While in Raleigh, Lytle joined a chapter of Builders of Hope,

which specializes in moving older homes scheduled to be razed to neighborhoods in need of affordable workforce housing, where they're rehabbed. He returned last year when his wife got into residency at Parkland and hooked up with developer and home builder Bennett Miller, who's now working as a consultant on this Bexar Street project.

"I just thought it would be a great fit for Dallas, since there are so many houses and buildings torn down here," says Lytle, who has to call his organization Ecological Community Builders to avoid having it confused with Dallas's Builders of Hope. He says he and Miller hit upon using portables after talking to someone in the city's code inspection office.

"They told us the district has an excess of these buildings they destroy, and they spend a lot of money doing that," Lytle says. "We have a good solution where we can repurpose these perfectly good buildings." The one you see in the photo above didn't come directly from the district, Lytle explains, but from a guy who moved some on behalf of the DISD and had it ready to go.

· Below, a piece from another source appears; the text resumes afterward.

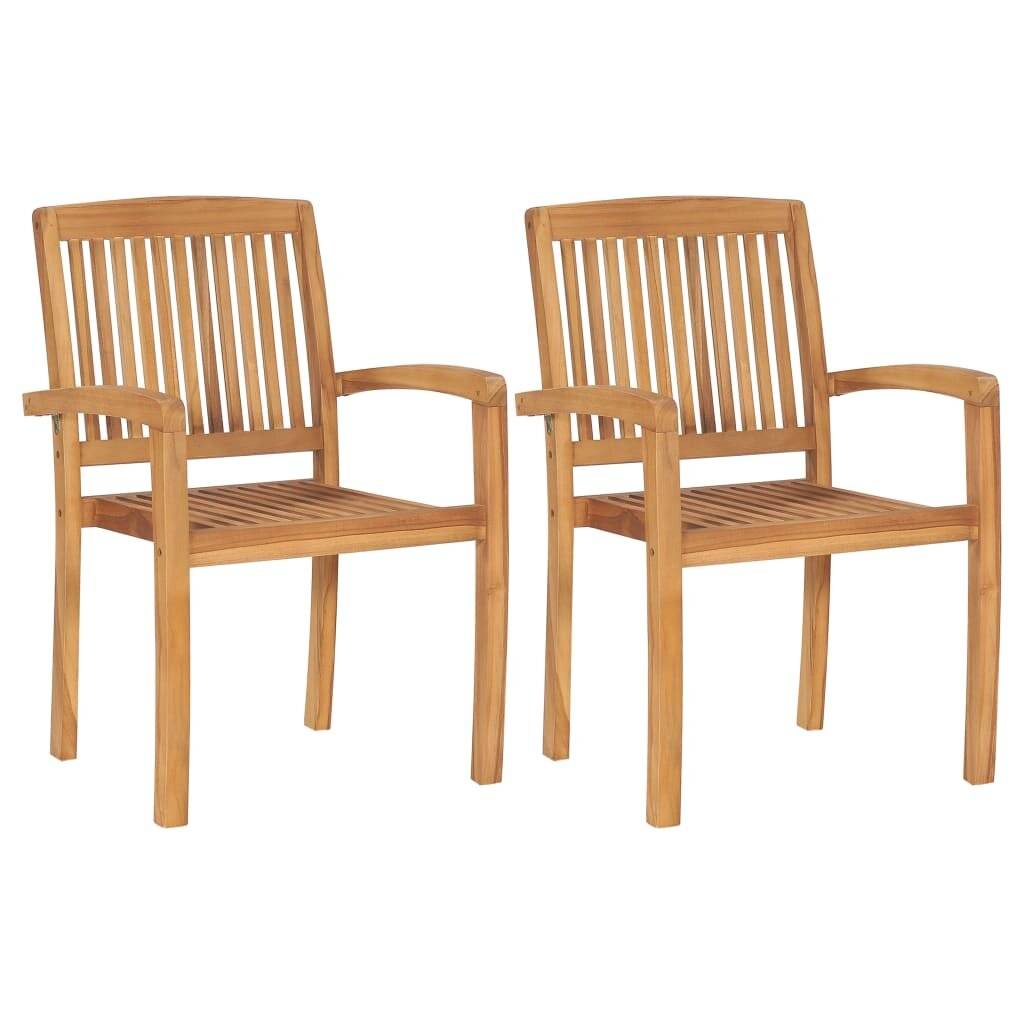 Gartenstühle 2 Stk. mit Anthrazit Kissen Massivholz Teak-2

Jon Dahlander, spokesman for the Dallas Independent School District, tells Unfair Park that DISD demolishes most of its portables -- and that there, at this very moment, 176 of them scheduled to be scrapped. Dahlander says "there are issues involved when you sell them -- usually, who's going to pick 'em up and when."

If Lytle and Miller want them, Dahlander says, they can have them: "But they have to move 'em, and there are plenty of issues when it comes to moving them." Such as: They're heavy as hell and tall enough that transporting them becomes a power-line issue. Dahlander says that about five years ago, the district sold about 70 to a man in Fort Worth who wanted them. He only retrieved about 15.

But the district's happy to make a deal: One-hundred dollars going once, going twice ... OK, maybe not even that much.

Miller says they'll get that sorted out soon enough: "We're just beginning this adventure," he says. But Lytle hopes this works, because he'd like to see this expand into Fort Worth and other cities where Builders of Hope has offices, including New Orleans, Charlotte and Raleigh.

Says his old friend Jason Roberts, "It's pretty awesome."